My parents both come from strict religious upbringings. My Dad was raised in a very strict Netherlands Reformed Church; my mom, Catholic. My parents met halfway, and decided on a Christian Reformed Church as their home to raise my brother and me in. For many years, my Dad was an infrequent attender with us. He was burned out from the Church from years of over bearing rules. Gradually, he started attending more and more. After my brother was born, I only remember him missing church due to work or illness.

As I grew, I became curious like most kids do. I knew what I believed in, but I knew there were other religious and spiritual groups outside of my church. I knew that I liked the idea of going to church; it felt like food for my soul. Every week a new message; a lesson to help build me spiritually. I had many questions though; I wanted to know what other people did to meet their spiritual needs.

When it came time for me to leave home and attend college, I choose a school in Massachusetts; quite a ways from my small community in Michigan.
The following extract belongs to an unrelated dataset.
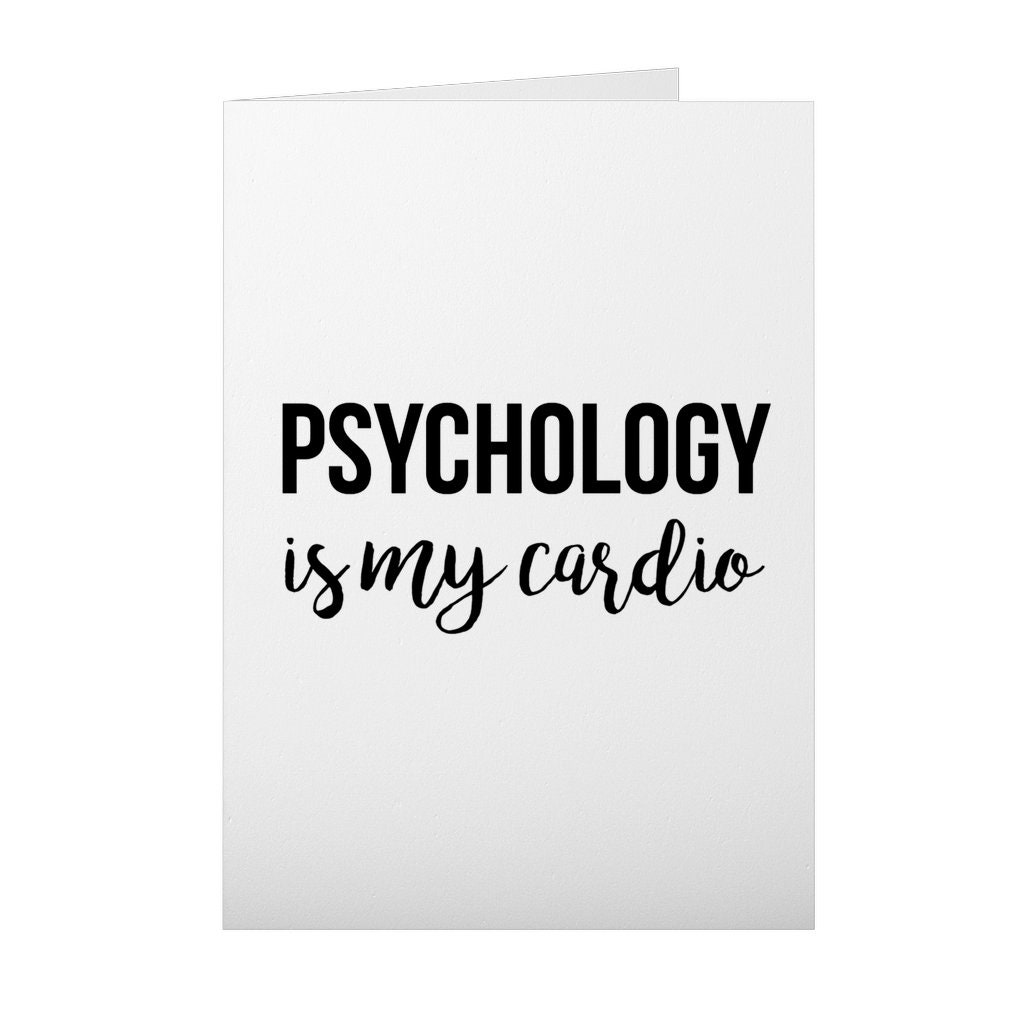 Psychologie Card Psycholoog Gift Kaart voor Psycholoog Etsy Nederland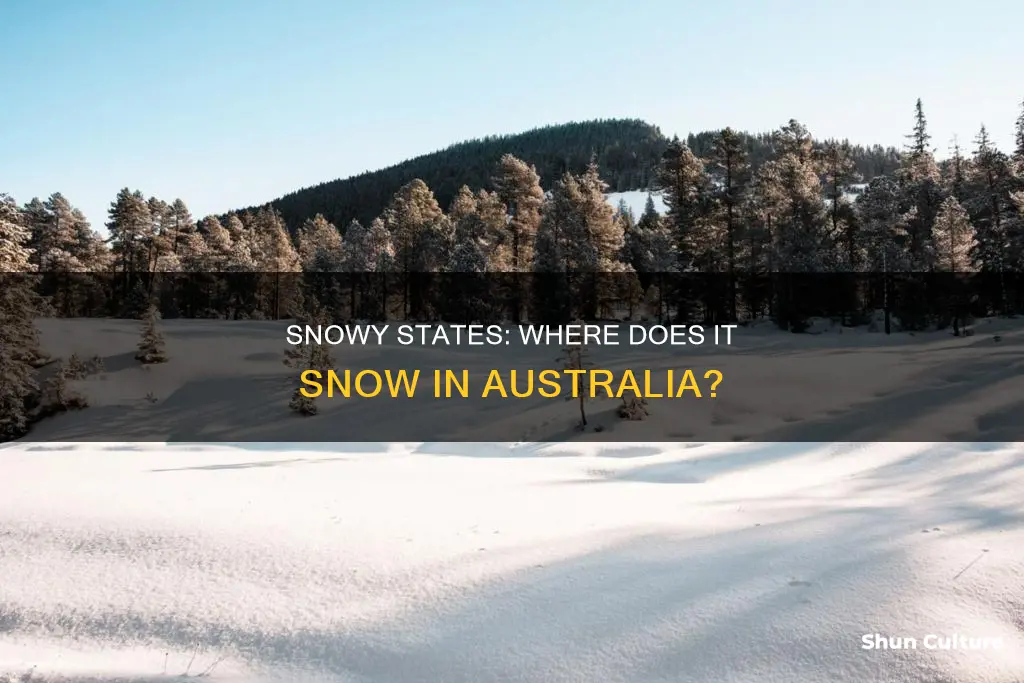 what states does it snow in australia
The city was much bigger, school was tough, and I had to make new friends. But one thing still remained, I still had this spiritual drive inside me. So, like I did back home, every Sunday I continued my tradition. I had to find a new church though, Christian Reformed was hard to come by in Boston. One year I settled on an upbeat multi-denominational student led church group. The next year, I attended a small Methodist church with some friends. When it became tough to find rides to leave campus, I walked across the street and attended Catholic masses each Sunday. I also took my required core classes of Philosophy and Theology at school. Through the diverse churches and messages I came across, I always was able to walk away feeling “full”. Not one church or religion I encountered felt better than another. They all had wonderful things to contribute to my spirituality.

Today, my husband and I attend a rather large, traditional Christian church. We both feel comfortable there, which is important to me, because he comes from a non-religious upbringing. When we are away from the church, I find other ways to engage my spiritual center. I pray, or run and enjoy my surroundings, or strike a few yoga poses, or read the Bible. To me, religion is more than just going through the motions of attending church, it is finding those things that strengthen us at our core.

Today’s simplest pleasures:

1.) Find your way to feed your spiritual needs be it attending a church, traveling to holy lands, striking yoga poses, meditating, or studying theology or philosophy in school. It will help strengthen your entire being and enrich your experiences while here on earth.

2.) Share your spiritual progress with others; it may help awaken the eyes of someone who has been asleep but didn’t know it.